I have heard of another strategy, which is to rub your socks (when worn) with a dryer sheet (e.g., Bounce). You might already have this on hand.


----------



## ilikeyourstyle (Apr 24, 2007)

I use that anti-static sheet strategy myself. It works great in the winter, but I agree with the OP. Even without any static, pants and socks can stick together. Your best bet is to find a pair of socks that don't grip your pants as much and buy a lot of pairs. Trial and error really.

As for specific fabrics sticking, I wear wool pants and cotton sicks with a bit of Spandex in there. Maybe it's a Spandex thing.


----------



## Penang Lawyer (May 27, 2008)

I have worn OTC socks for years and never had any static cling.


----------



## Packard (Apr 24, 2009)

Penang Lawyer said:


> I have worn OTC socks for years and never had any static cling.


*Eeek!

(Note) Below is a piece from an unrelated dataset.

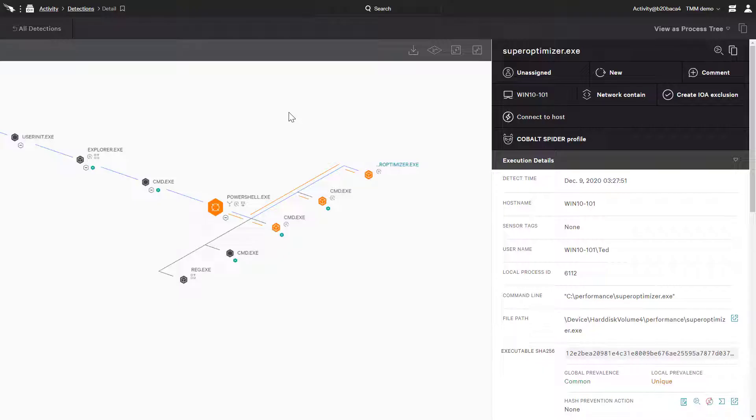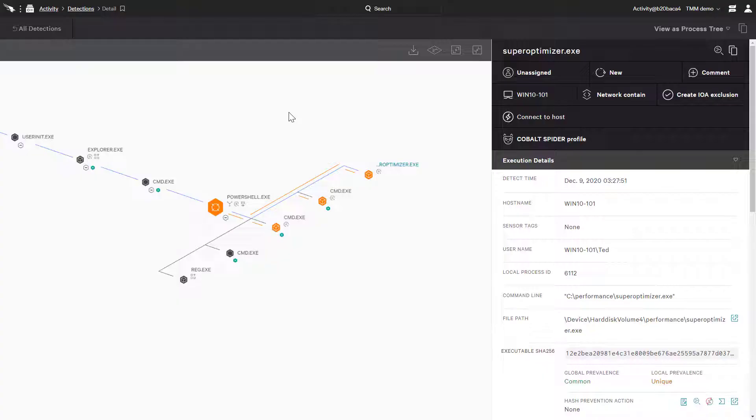CrowdStrike Realtime Response provides a robust remote access tool that can remediate almost all types of malicious activity performed by an adversary. Accessed directly from the CrowdStrike Falcon console, it is easy to connect to a host directly and repair any damage with a comprehensive list of commands. Let's take a quick look to see how powerful and easy Realtime Response is to use.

Static cling. The dreaded static cling!* (I'd forgotten the term until just now. It requires "dreaded" however.)


----------



## ilikeyourstyle (Apr 24, 2007)

Penang Lawyer said:


> I have worn OTC socks for years and never had any static cling.


I'm guessing that's a Florida/humidity thing.


----------



## Penang Lawyer (May 27, 2008)

ilikeyourstyle said:


> I'm guessing that's a Florida/humidity thing.


No I am a native New Yorker and worked downrown for years and wore OTC when they first came in. And my trousers did not cling to my socks


----------



## dfloyd (May 7, 2006)

*It is static cling you are suffering ....*

I wear nothing but Ben silver OTC socks, cotton or wool, and they develop static clings. So it's not the quality of the socks. You can get rid of it by putting a sheet of dryer stuff into the dryer. I put the dryer mode on air dry or fluff with a sheet of Bounce or some other brand. Then I air dry them for 15 minutes or so. There is no heat, so the socks wont shrink. Ater this cycle, hang them to dry as you normally do. They won't cling after this treatment, which should be repeated every time you wash your socks.


----------



## CuffDaddy (Feb 26, 2009)

Penang Lawyer said:


> I... wore OTC when they first came in.


Good lord, man, how old are you? Or was there some definite time before-OTC (BOTC)?


----------



## TheBigOne (Mar 5, 2008)

Pundit said:


> I have heard of another strategy, which is to rub your socks (when worn) with a dryer sheet (e.g., Bounce). You might already have this on hand.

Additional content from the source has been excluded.